In the past, athletes rarely wore eyewear specifically designed to protect their eyes during sports, and sports-related eye injuries were common.
Sports eyewear today is worn by almost everyone who picks up a ball, bat, racket, or stick – whether they are professional athletes or amateurs.
It is good news for coaches, parents and athletes that protective eyewear is beneficial to them in a number of ways. In fact, many athletic and fitness clubs today do not permit their members to participate without the appropriate eye protection. The risk of eye damage is reduced, and the player’s performance is enhanced by the ability to see better.
Children in the past have been reluctant to wear protective sports eyewear due to concerns about “looking funny.”
As a result of the routine use of sports eyewear by professional athletes, protective goggles, face shields, and other sports eyewear have become increasingly accepted, much like bike helmets have become widespread.

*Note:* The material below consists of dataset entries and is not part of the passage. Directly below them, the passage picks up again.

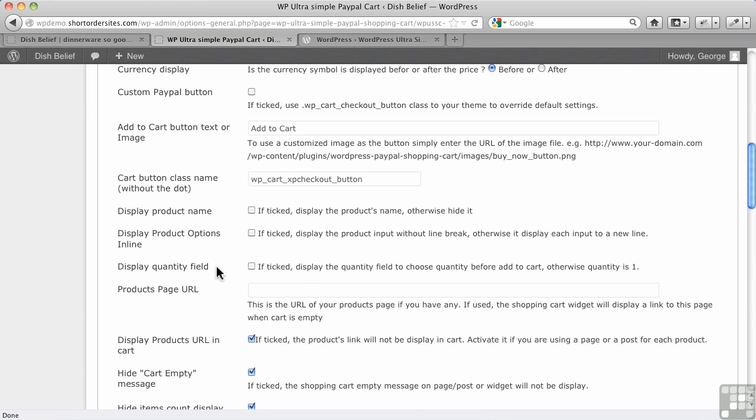This is a nice little feature here, display quantity field. This allows people to choose a quantity right there in the product, so you can check that off. So the nice part of that is that it gives you a measure of control over the way your product displays and a little bit of how the cart displays as well, and we'll get more into that when we talk about customization.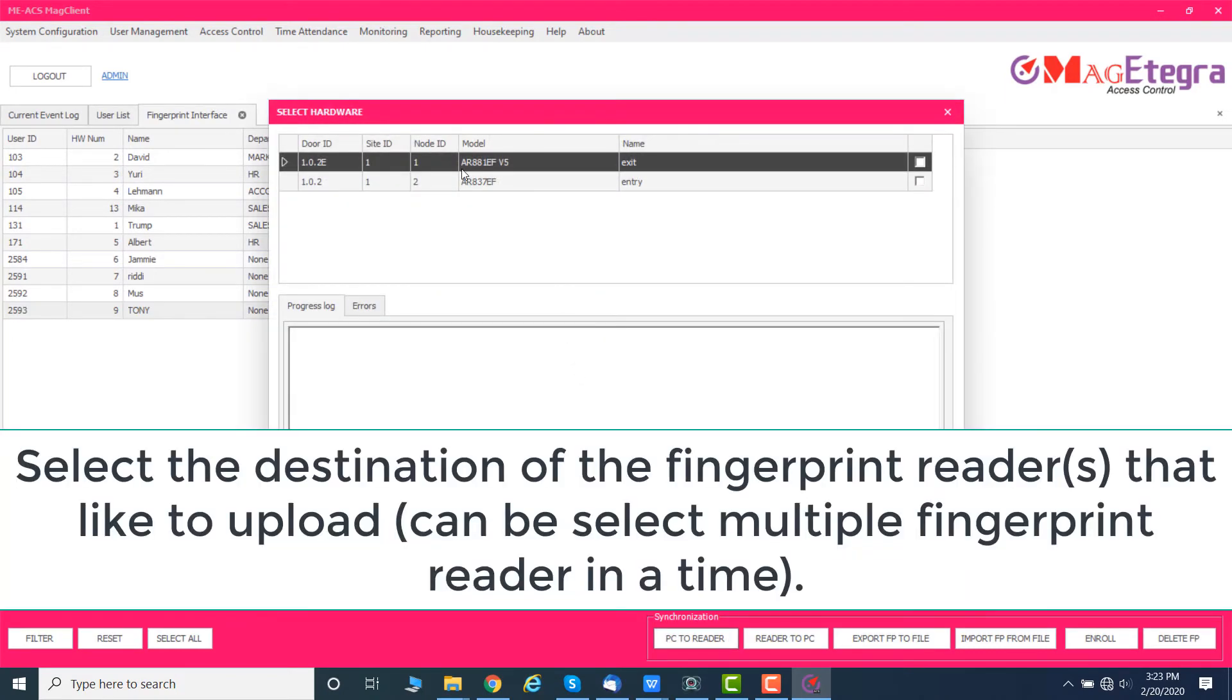Select the destination of the fingerprint readers that you'd like to upload. You can select multiple fingerprint readers at a time.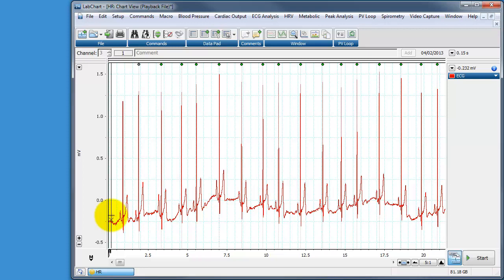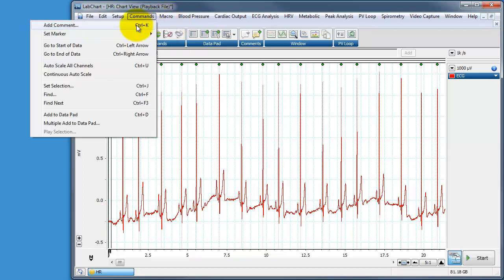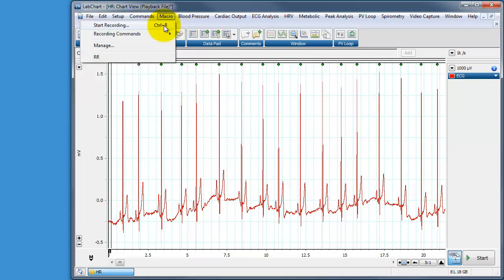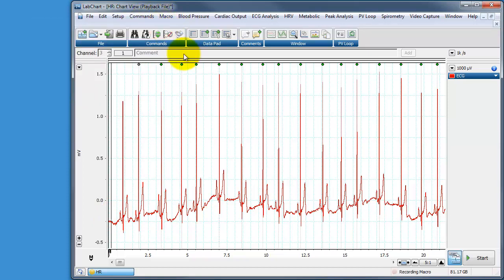So once we start recording the macro, we need to tell the computer to find the first peak once, select that as a point and then repeat until it reaches the end of the block from then on selecting the distance to the next peak. So I'll just show you how we do this very simply. We go to macro and we start recording. So you can see down the bottom right here, it says recording macro.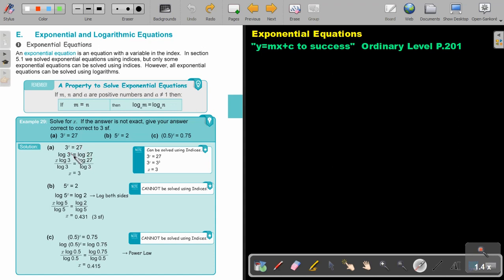You can use the power log rule — bring the power down — then divide by log 3, divide by log 3. Press it on your calculator and the answer will be 3.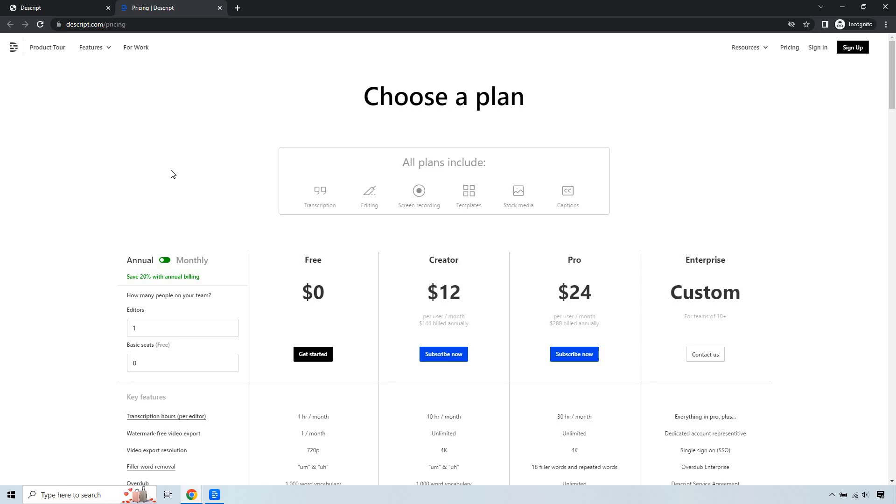That's pretty much the walkthrough when it comes to getting the Descript free version along with some of the perks that come with it. If you have any questions, feel free to leave a comment down below. I'll also have the link in the description where you can get started for free. Thank you so much for watching, and I'll see you in my next video.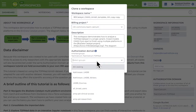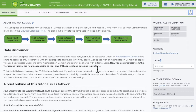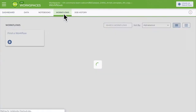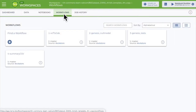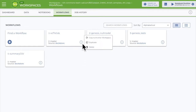On a side note, the three vertical dots are an icon used many places in Terra, often to copy, share, and delete. For example, in the Workflows page, you can copy a workflow to another workspace and duplicate or delete it in this workspace using the same three-dot icon.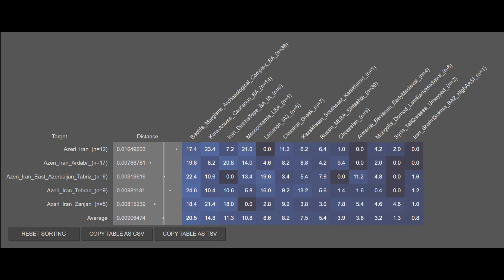The Azerbaijanis are on average 20.5% BMAC Bronze Age, 14.8% Kura-Araxes Caucasian, 11.3% Dinkatepe Bronze Age, 10.8% Mesopotamian, 8.6% Phoenician, 8.2% Classical Greek, 7.5% Medieval Turkic, 5.4% Sintashta, 3.9% Circassian, 3.6% Armenian, 3.2% Mongolian, 1.3% Late Antique Arab, and 0.8% Shahr-e Sokhteh Bronze Age. Despite being an Iranian population, Azerbaijanis appear more admixed than other Iranian populations from Iran, though they are still mostly Iranian. Their greater foreign ancestry likely reflects the fact that Azerbaijan was populated and repopulated multiple times throughout history by different groups.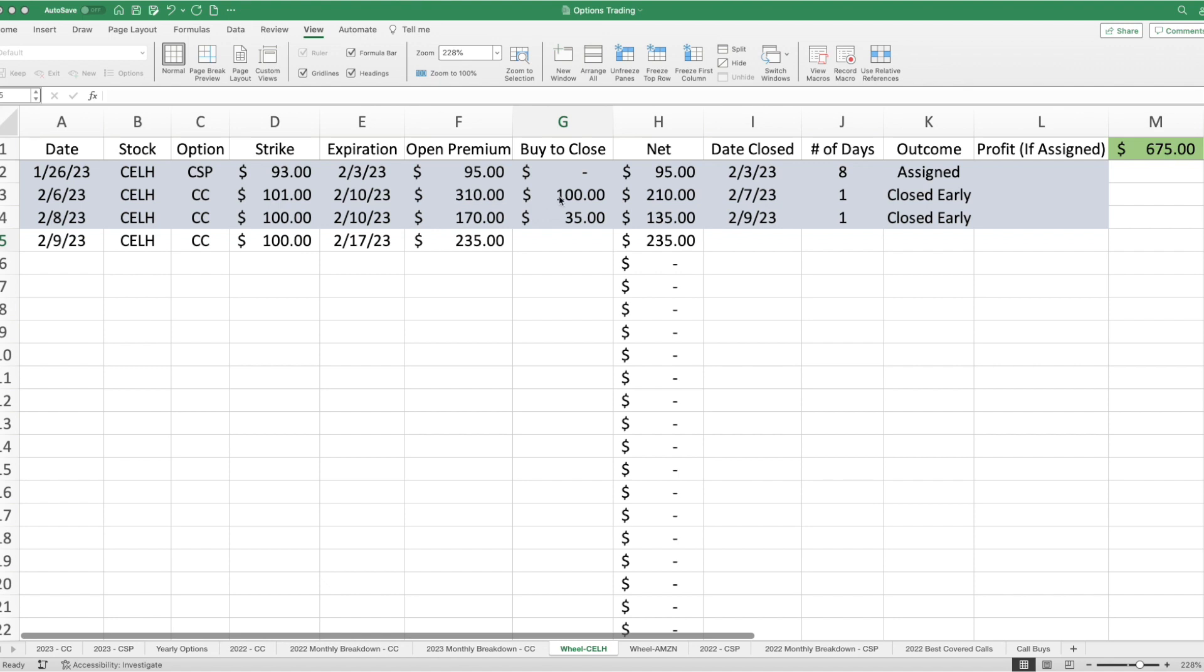Now, throughout the week, I saw some fluctuation in the share price, and so I decided to buy to close that contract early. I had to pay $100 to buy to close my position, hence locking in a profit of $210. I did this on the 7th, which means I made that $210 after holding this contract for only one day.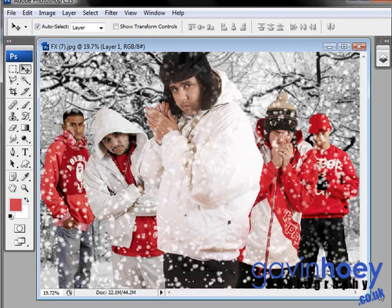Hello, Gavin Hoey here with another Photoshop tutorial. This week I'm going to show you how to add snowflakes to your photographs using Photoshop. Well, I say we're using Photoshop, we're actually going to use my most favourite free plug-in filter.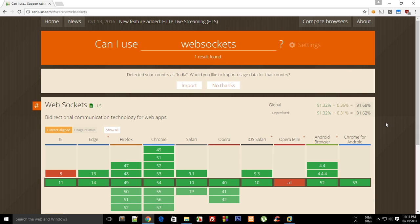What is going on everybody, my name is Mehul and welcome to your very first tutorial for web sockets. In this series, we're going to take a look at what these web sockets are.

Additionally, modern sports eyewear gives children and adults the image that they mean business on the field, which is appealing to both.
Consider this if you do not wear eye protection while playing sports…
It is possible to sustain an eye injury while participating in any sport that involves balls, rackets, or flying objects.
A squash ball can travel up to 140 miles per hour (62.6 metres per second), as can a tennis ball.
Fast bowlers can deliver the ball at 93 miles per hour (41.6 metres per second) or faster in cricket.
Despite the fact that badminton can cause significant eye injuries, it is surprising to learn that the fastest shuttlecock speed recorded was approximately 306 miles per hour, or 136.8 metres per second.
As another potential danger, the rackets and bats themselves move rapidly within a confined space and may strike a player.
Many eye injuries occur as a result of pokes and jabs by fingers and elbows, particularly in sports where players are in close contact with each other. Rugby, for example, has a very high rate of eye injuries.
What to look for in a protective sports eyewear product
Typically, prescription spectacles, sunglasses, and even on-the-job industrial safety glasses do not provide adequate protection for sports activities.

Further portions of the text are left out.